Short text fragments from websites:

****************************************

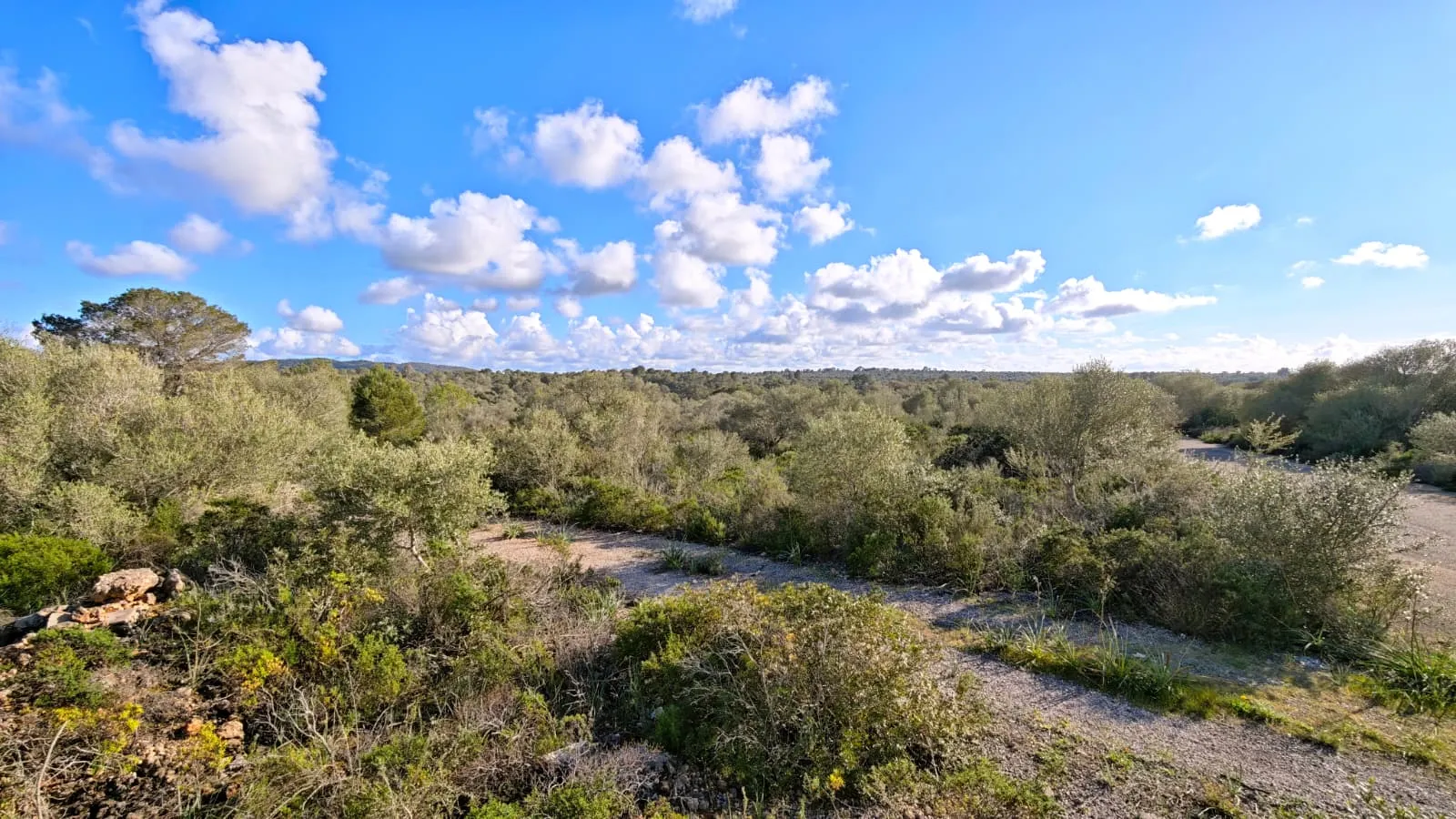 Solar rústico con vistas lejanas al mar-3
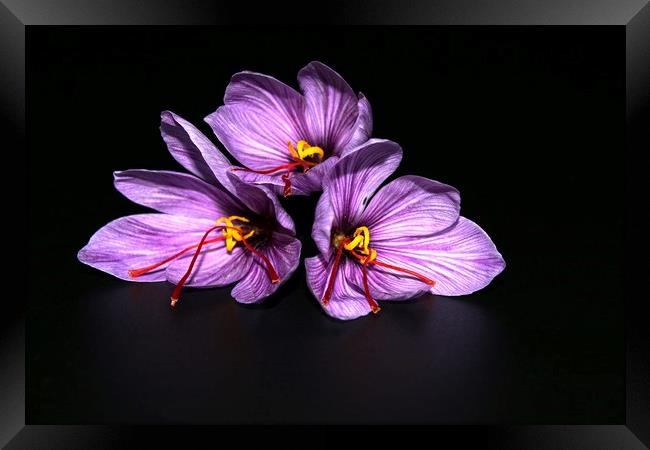 Saffron -  Crocus sativus Framed Print by Martin Smith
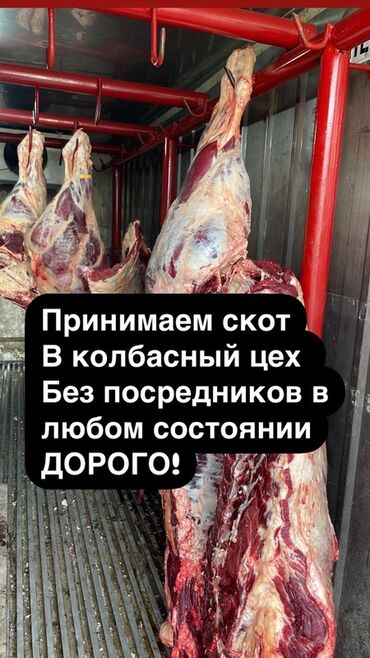 домашнее животное: Приём скота круглосуточно каровы быки лошади самовывоз дорого!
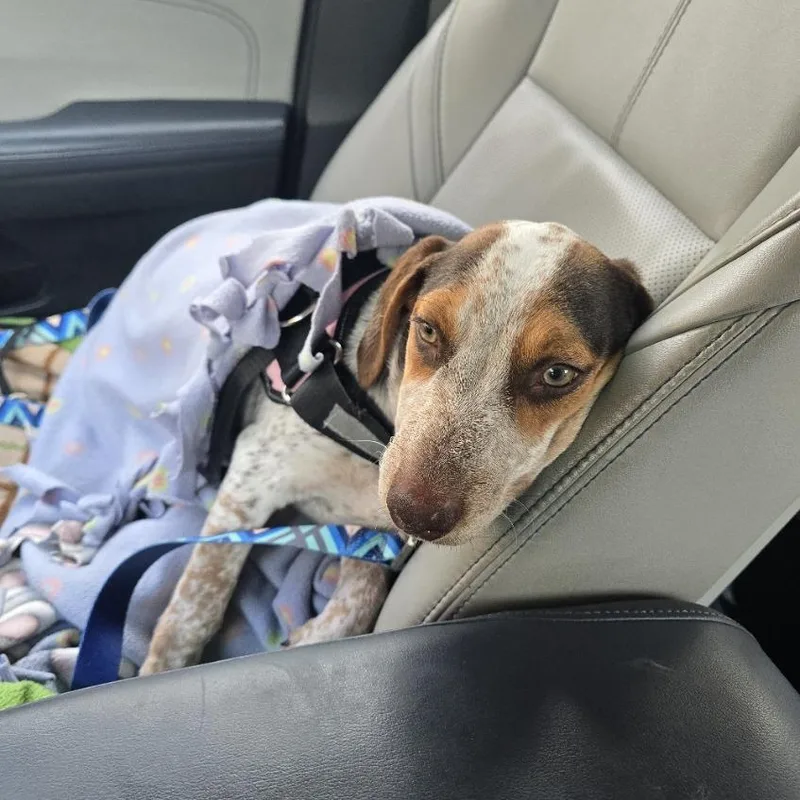 A baby medium-sized female White / Cream Dachshund dog named Moxi D for adoption in Minnetonka, MN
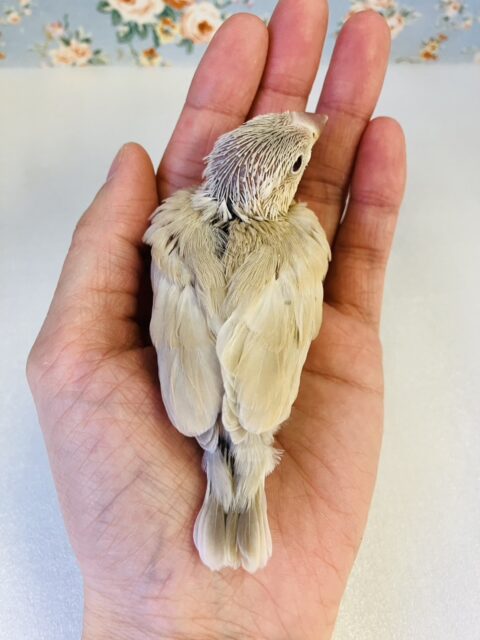 シナモン文鳥 / シルバー文鳥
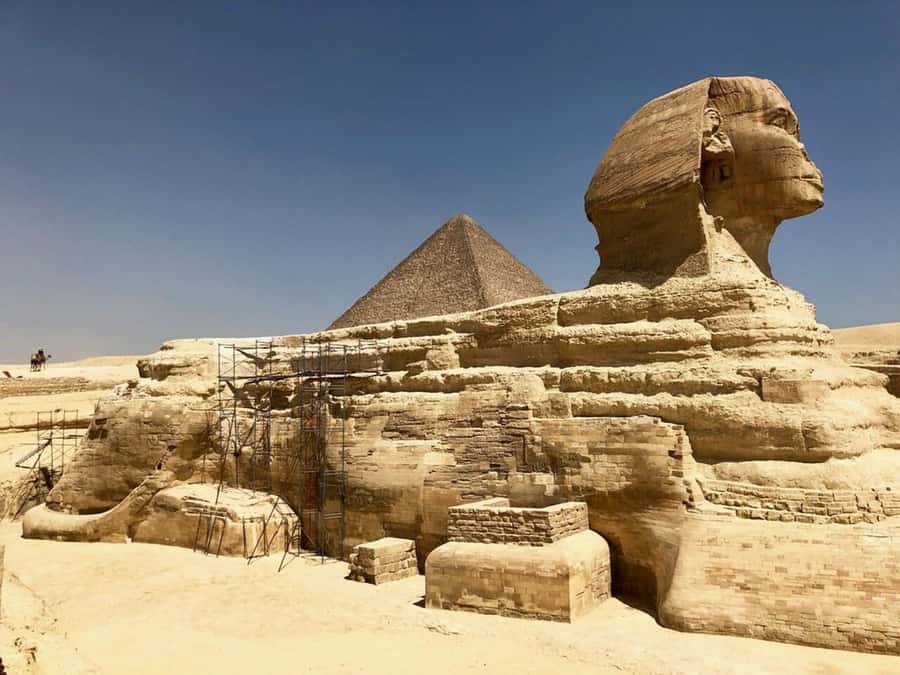 From Hurghada: Full-Day Trip to Cairo by Plane - Egyptologist-Style Guidance: Getting More Out of Every Stop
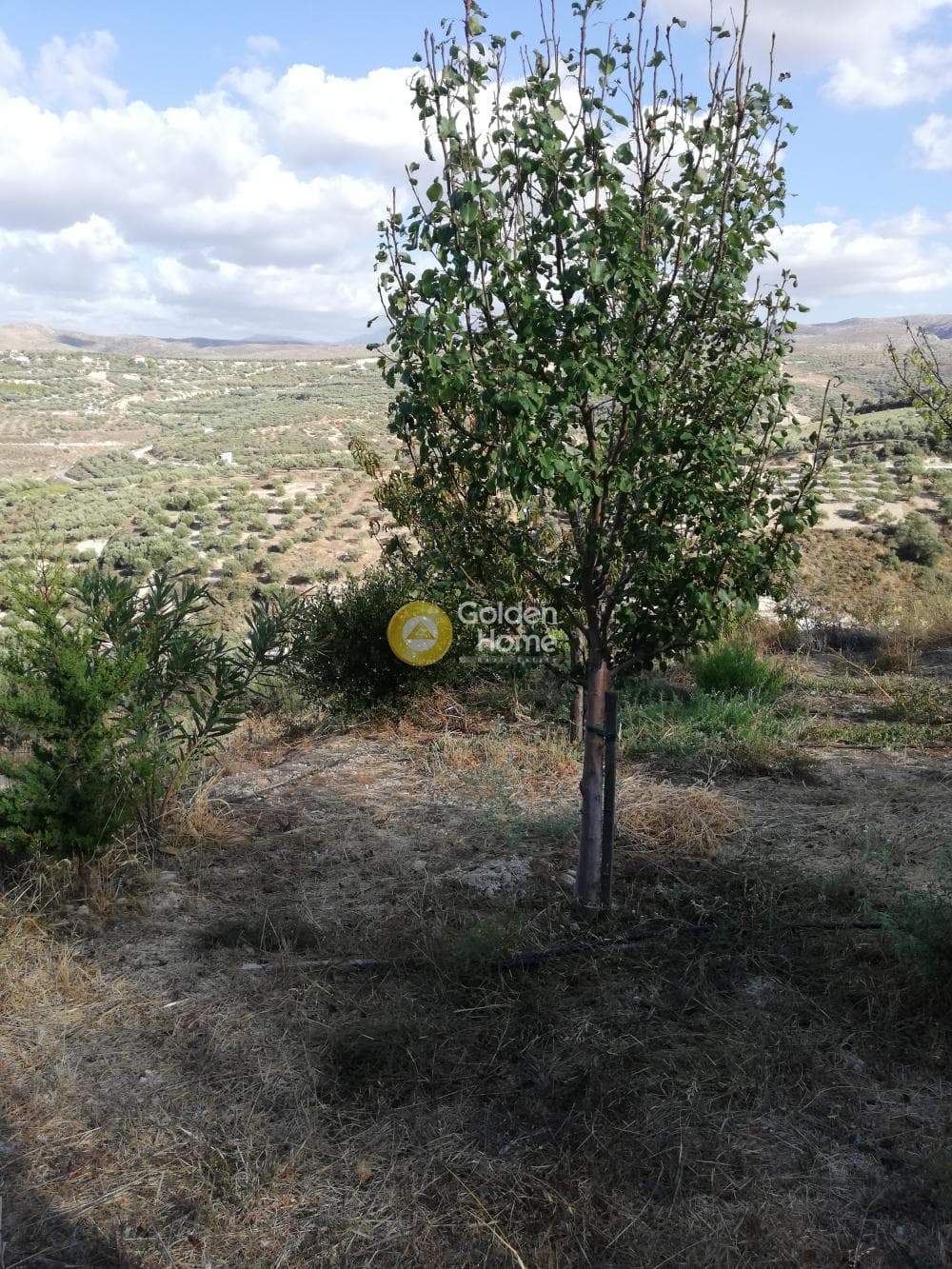 Building Plot in Kainourgio Chorio, Episkopi — Photo 3 of 11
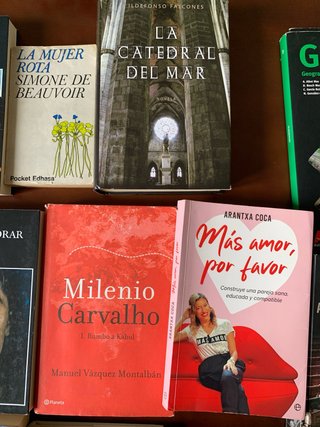 Lote de libros y novelas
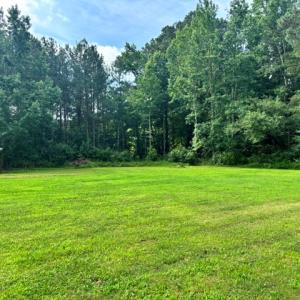 Photo #45 of 16461 BIG RD, BLOXOM, VA 0.9 acres
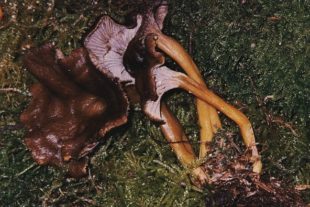 2019-11-25-ZE-Christian Petersen-Pilz leistl-trompet.pfiff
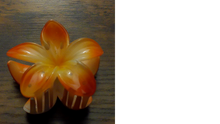 Load image into Gallery viewer, Pua Mana Hair Clip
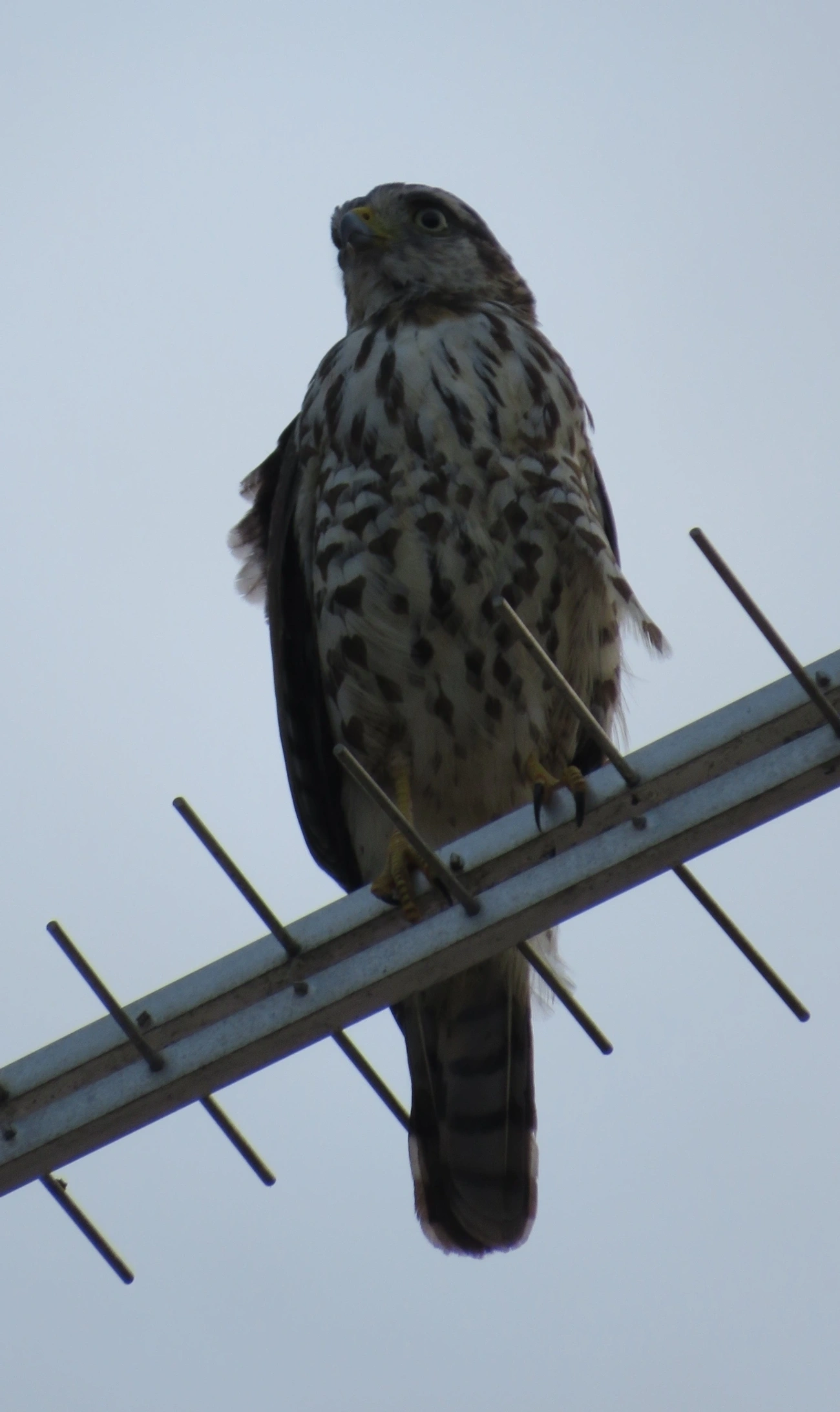 Gavião-carijó (Rupornis magnirostris), aves, fotografado em São Sebastião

****************************************

*About this task*
Set down word for word the lines above from the one with "Building Plot in" up to and including the one with "Load image into". Omit every picture.

*Written response*
 Building Plot in Kainourgio Chorio, Episkopi — Photo 3 of 11
 Lote de libros y novelas
 Photo #45 of 16461 BIG RD, BLOXOM, VA 0.9 acres
 2019-11-25-ZE-Christian Petersen-Pilz leistl-trompet.pfiff
 Load image into Gallery viewer, Pua Mana Hair Clip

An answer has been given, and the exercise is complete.